Vishnu Reddy Kanupuru
Gerard P. Kuiper Space Sci., 233
Vishnu Reddy is a planetary scientist and an infrared spectroscopist interested in connections between asteroids and meteorites to understand Solar System formation. His research also focuses on surveillance and characterization of space objects in cislunar space for the United States Space Force. He received his doctorate from University of North Dakota in Earth System Science and Policy (2009) where his dissertation focused on a mineralogical survey of the near-Earth asteroid population. He was a post-doctoral researcher at Observatório Nacional, Brazil (2010) and Research Assistant Professor at UND (2010-2013) during which he was the science lead for the framing camera team at the Max-Planck Institute for Solar System Research, Germany on NASA's Dawn mission to asteroid (4) Vesta.

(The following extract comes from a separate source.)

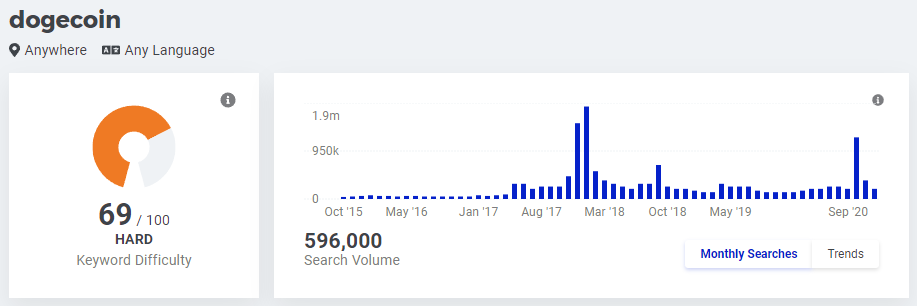 mangools kwfinder data for dogecoin keyword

He subsequently worked at the Planetary Science Institute (2013-2016) before moving to the University of Arizona (2016-present) where he is a Professor in the Lunar and Planetary Laboratory. At UA, he serves as the director of the Space4 Center and the Biosphere 2 Space Domain Awareness Observatory Complex responsible for all ground-based optical/infrared and passive radio frequency space surveillance assets. He served as the investigation team lead (2015-2020) on NASA Near-Earth Object Surveyor Mission to discover 90% of near-Earth objects (NEOs) larger than 140 meters to fulfill the George E. Brown Congressional mandate. Asteroid 1981 EQ28 has been named (8068) vishnureddy by the International Astronomical Union in recognition of his contribution to planetary defense.